Intro #
From a RELIANOID ADC system, there is a situation where the password of an user couldn’t be changed. The logs system shows something like:
Jul 27 11:57:23 relianoid10-lb enterprise.bin[80915]: (INFO) webgui :: STATUS: 200 REQUEST: GET /zapi/v4.0/zapi.cgi/system/users Jul 27 11:57:35 relianoid10-lb dhclient[527]: XMT: Solicit on eth0, interval 113070ms. Jul 27 11:57:38 relianoid10-lb enterprise.bin[80988]: (INFO) api :: POST DATA: {"password":"*******","newpassword":"*******"} Jul 27 11:57:38 relianoid10-lb enterprise.bin[80988]: (INFO) rbac :: Request from johndoe to POST /system/users. Action allowed Jul 27 11:57:38 relianoid10-lb enterprise.bin[80988]: (ERROR) Error trying to change the johndoe password Jul 27 11:57:38 relianoid10-lb enterprise.bin[80988]: (ERROR) webgui :: Modify the user johndoe: Changing the password in the RBAC user johndoe.
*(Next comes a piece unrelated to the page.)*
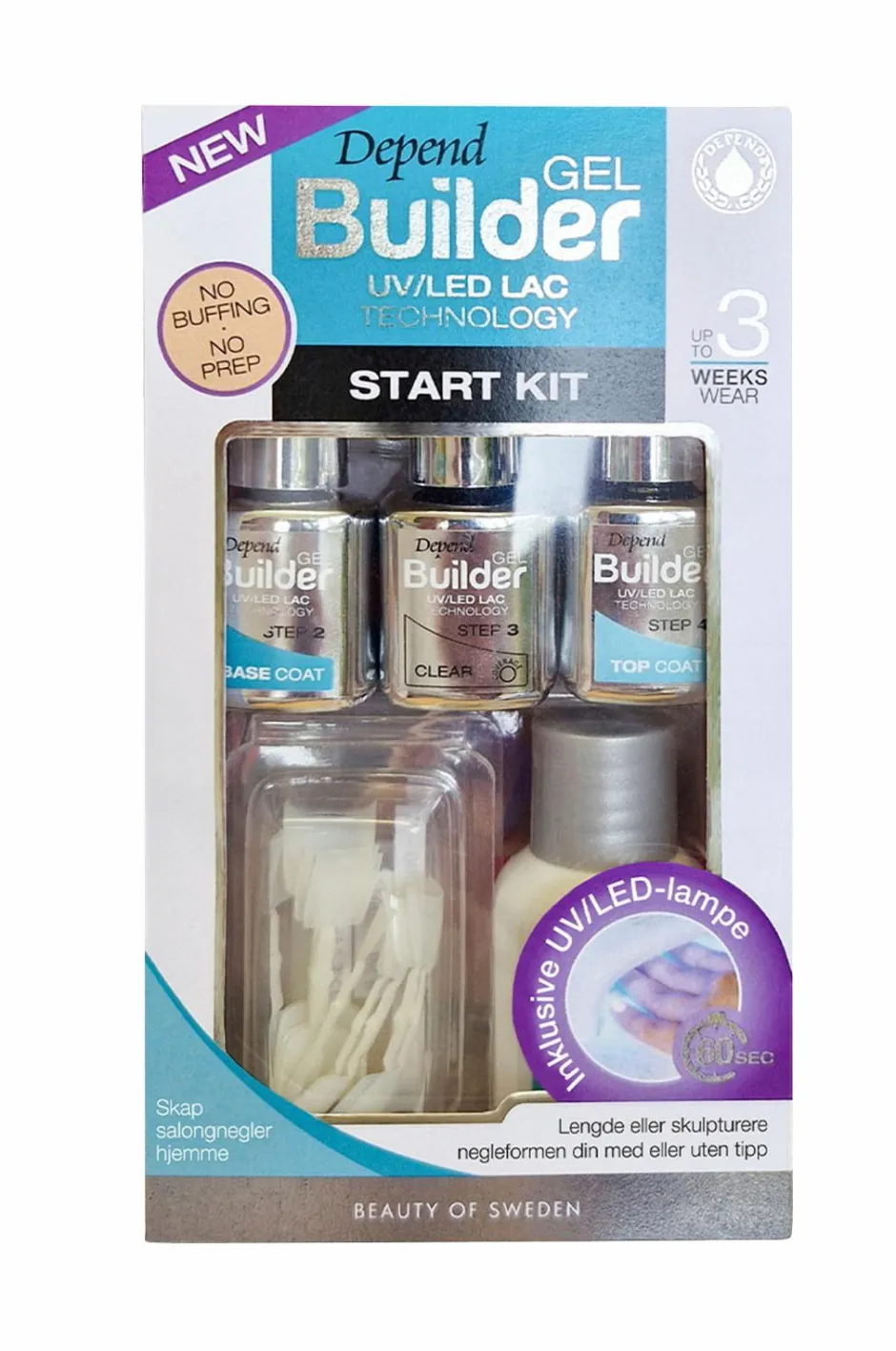 Depend Gel Builder Startkit^ Negle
Jul 27 11:57:38 relianoid10-lb enterprise.bin[80988]: (INFO) webgui :: STATUS: 400 REQUEST: POST /zapi/v4.0/zapi.cgi/system/users Jul 27 11:57:38 relianoid10-lb enterprise.bin[80988]: (INFO) webgui :: Changing the password in the RBAC user johndoe.
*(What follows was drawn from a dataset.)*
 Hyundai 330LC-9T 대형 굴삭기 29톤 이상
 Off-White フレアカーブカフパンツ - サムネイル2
If PAM authentication modules are enabled in a Linux System to apply some security and hardened user management, if some manual manipulation is done in /etc/passwd, /etc/shadow or /etc/group files, there is a weird but possible situation that some inconsistencies are found in the user creation procedure.
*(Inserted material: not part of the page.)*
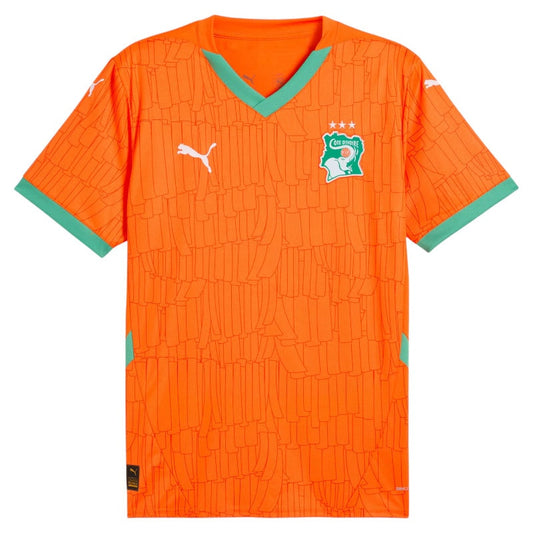 Maillot Domicile Cote d'Ivoire 2024-2025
johndoe@noid-ee-01:/$ passwd johndoe passwd: Authentication token manipulation error passwd: password unchanged
This error doesn’t allow to change the password to a system user from the Linux command line. To address this issue you can try several things, see below.
Try the command pwconv #
If you execute this command from the administrator user, the files /etc/passwd and /etc/shadow are regenerated. Please, consider to make a backup to those files before applying this command.
root@noid-ee-01:/$ pwconv
If the pwconv command doesn’t work, please try the next one.
Try the command pam-auth-update #
PAM is a set of modules for authentication to a linux system. This command reconfigures the central authentication policy for the PAM system in the Linux server using the pre-defined profiles.
root@noid-ee-01:/$ pam-auth-update
If the pam-auth-update doesn’t work, then apply the next one.
Try a system reboot #
Probably, a failure with the filesystem mount could be found, so please try as the last option to fix this problem.